I am currently using a machine from 2011 and it is still fast enough and big
enough for the things I need to do. I do open up the door and blow out all
the dust once a year to help with longevity. It was a $650 machine when
purchased.

>
> (In my experience as a purchaser/donee of superannuated boxes, the
> corporate upgrade cycle may now be partly driven by the lifespan of
> motherboard backup batteries. If you wait for failures before replacing
> them, you get not only the direct cost but also the risk of delaying
> some crucial project.)

At Samsung, they used laptops for everything (except compiler development).
Our group had a budget for laptops that was insufficient compared to the
failure rate of the laptops. Leading some of us waiting for weeks before
a replacement would be AUTHORIZED ! Imagine the cost effectivity of a high
$$$ engineer not being able to work for more than a week.

>
> > And maybe now that the performance increases have slowed down for
> > mobile phones, too, we will see longer cycles in that market, too.

I am still happy with my Galaxy 3 (yes 3) 6.5 years after purchase.
The screen still has no cracks or scratches.

already...@yahoo.com

unread,

Mar 16, 2019, 2:42:27 PM3/16/19

to

On Saturday, March 16, 2019 at 1:58:12 AM UTC+2, MitchAlsup wrote:
> On Friday, March 15, 2019 at 4:20:31 PM UTC-5, paul wallich wrote:
> > On 3/15/19 4:36 PM, MitchAlsup wrote:
> > > On Friday, March 15, 2019 at 1:51:13 PM UTC-5, a...@littlepinkcloud.invalid wrote:
> > >> Anton Ertl <an...@mips.complang.tuwien.ac.at> wrote:
> > [...]
> > >>> And, guess what, after 32-bit ARM with 16 registers, they designed
> > >>> Aarch64 with 32 registers. So whatever the reason, they obviously
> > >>> don't agree with the claim that 16 registers are enough.
> > >>
> > >> Indeed not, but the original Arm was very much constrained by the
> > >> technology of the day. 16 registers seemed luxurious at the time; not
> > >> so much now.
> > >
> > > I question this. ARM followed:: Berkeley SPARC, Stanford MIPS, Sun SPARC,
> > > MIPS MIPS, Mc 88K, and probably HP Snakes: all having 32 registers, more
> > > than one implemented in gate arrays. The only other RISC with 16 registers
> > > was Clipper.
> >
> > I think that there's a distinction here because of the market segments.
> > the original Acorn RISC Machine was intended for PC use, originally home
> > computers and reportedly had all of 25K transistors.
>
> In 1982 the 68020 was announced and it contained 190,000 transistors.

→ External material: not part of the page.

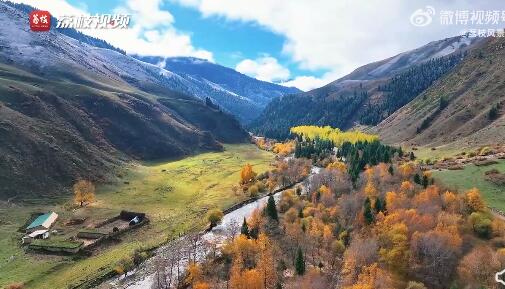 秋色与雪景在新疆同框了：如同秋日油画瑰丽壮阔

That tells more about Motorala's custom to announce early, than about anything else.
'020 was released in 1984, but the first computer based on it that shipped in significant volumes (Sun-3 and HP 9000/320) didn't appear until 2nd half of 1985.

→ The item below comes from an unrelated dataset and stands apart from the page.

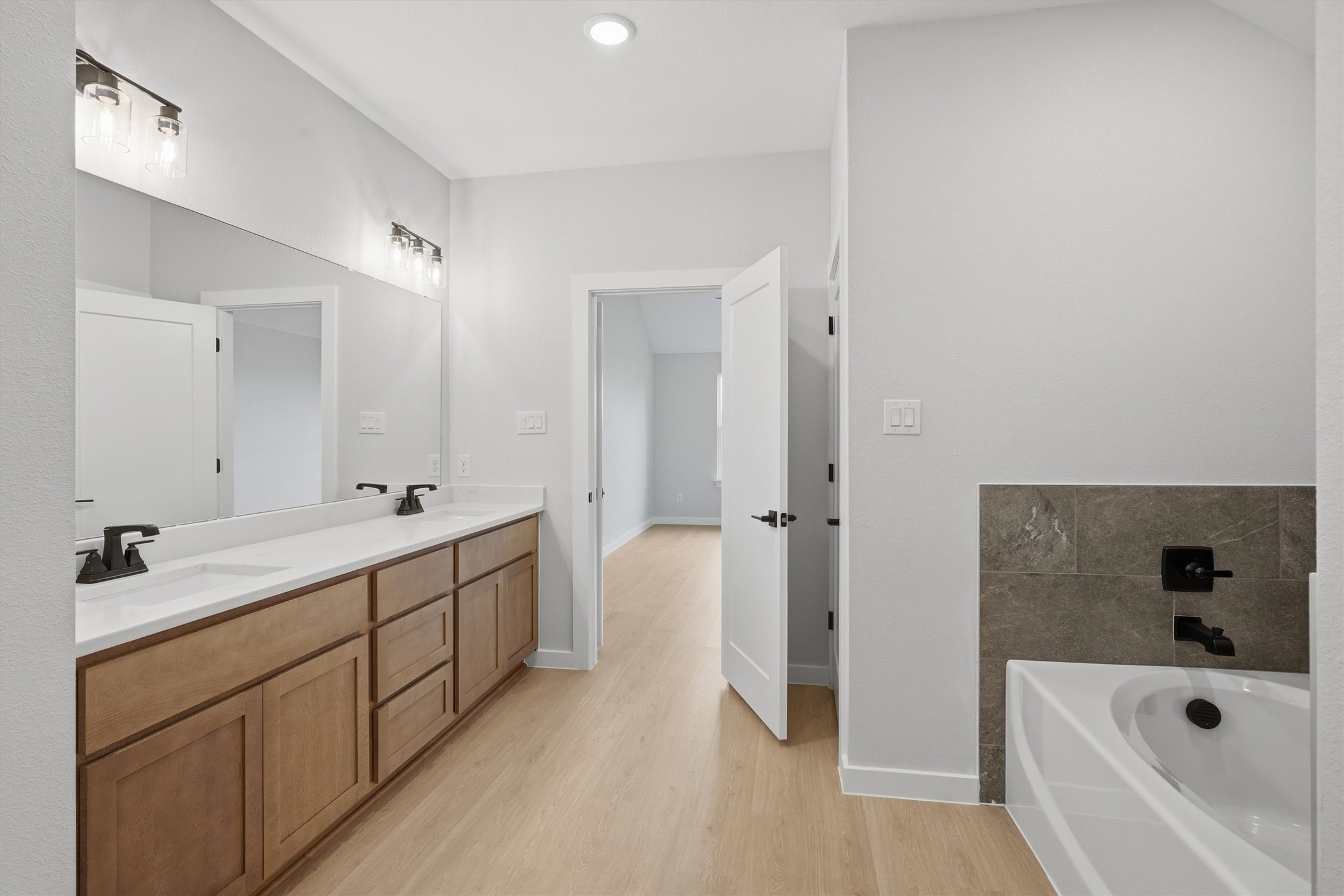 407 E Boyd Avenue, Boyd, TX, 76023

> This was before any of the RISC machines got outside of academia.
> Think Mac II.

1987

paul wallich

unread,

Mar 16, 2019, 9:53:39 PM3/16/19

to

On 3/16/19 12:57 PM, Anton Ertl wrote:
[getting offtopic, except insofar as design for RAS]

> If CMOS battery discharge was an issue, the way to go would be to
> replace them on a schedule. That's certainly less work for the IT
> staff than to replace the box (including setup).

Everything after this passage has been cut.